Let's talk about wooden eggs. The common agreement seems to be that mom and dad will sit on the eggs for some time before eventually giving up. But here is a case where mom and dad have been sitting on these wooden eggs for well over a month, and have barely shown a hint of intention with regards to moving on. So what now ? How long shall we wait ? And here's another question. Assuming that they do eventually move on, is there a procedure to follow with regards to removing the wooden eggs, an ideal time or method ? We wish to handle the situation in such a way as to minimize any possible trauma, but are also worried for the parents' health now, as this is fast becoming an incubating marathon. Any help or advice is much appreciated.


----------



## TAWhatley (Mar 6, 2001)

The typical incubation time for pigeon eggs is around 19 days. If the birds have been sitting for a month, that's quite a bit longer than one would expect. As long as the "parents" are taking turns sitting on the eggs so that they are getting adequate food and water during their respective breaks from sitting I wouldn't worry too much. At this point, however, you can just gently remove the eggs. They will be a little upset for a short time but will quickly get back to the business of laying more eggs to incubate.

Terry


----------



## Jay3 (May 4, 2008)

Unless you are trying to get babies from these birds, then why would you want to remove them? They seem happy with how things are going. The fake eggs are to stop them from laying more eggs. As long as they are on them, they aren't laying. Isn't that what you wanted? To remove them, it will just make them lay again. I would leave them alone. Remove them when they are no longer sitting on them, or when they have layed more eggs. Just check to be sure that they have not layed 2 more eggs beside the fake ones. That does happen, as we have a couple of oops babies to prove it. LOL.


----------



## Marshmallowknee (Jun 17, 2011)

Thank you both for your kind advice, TAWhatley and Jay3 ! 

I understand your point of view, Jay3. However we'd prefer to see our couple following a more natural cycle, which typically includes a post-egg honeymooning period, short as it may be, before they lay more eggs. Indeed, birth control is the purpose of these wooden eggs, but the mother is so dedicated that she barely ever goes out when there are eggs around, which doesn't seem like the healthiest thing.
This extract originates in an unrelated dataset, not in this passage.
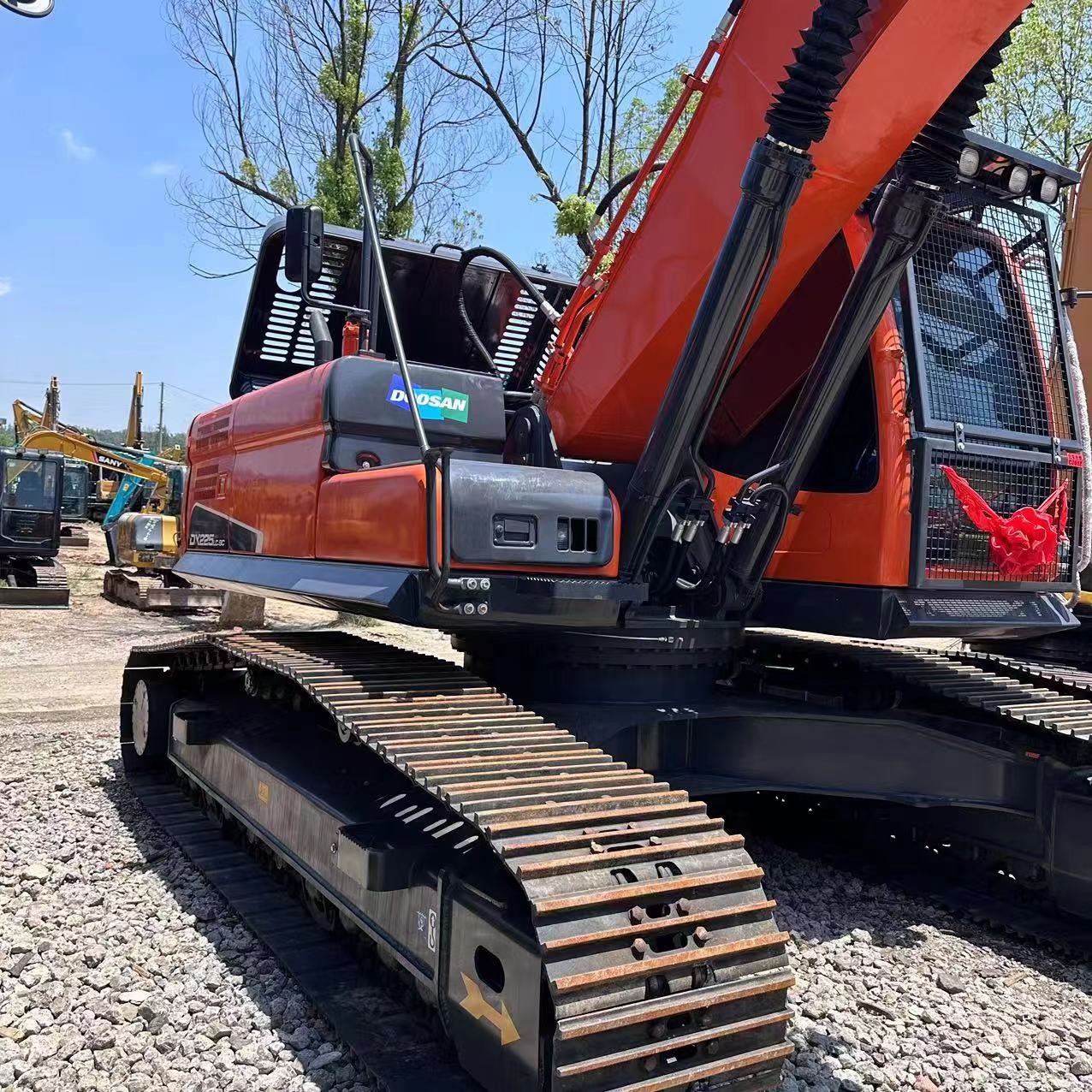 Used Doosan Digger DX225 Secondhand 22.5ton Medium Type Crawler Excavator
Mom and dad do have a shift rotation, adequate diet and water intake is not a current concern, but mom didn't go out flying for over two weeks until a few days ago, where to our relief, she finally joined her man in a quick flying game.

Update: the seem to be letting go of the dummy eggs now, and have moved on to auditioning various pieces of real estate around the room ! We'll give it another day, then will likely remove the wooden eggs (they seem to be concentrating on a different nesting spot now.


----------



## Jay3 (May 4, 2008)

Well, do what you feel is right for them. Let us know how they do, and enjoy them.


----------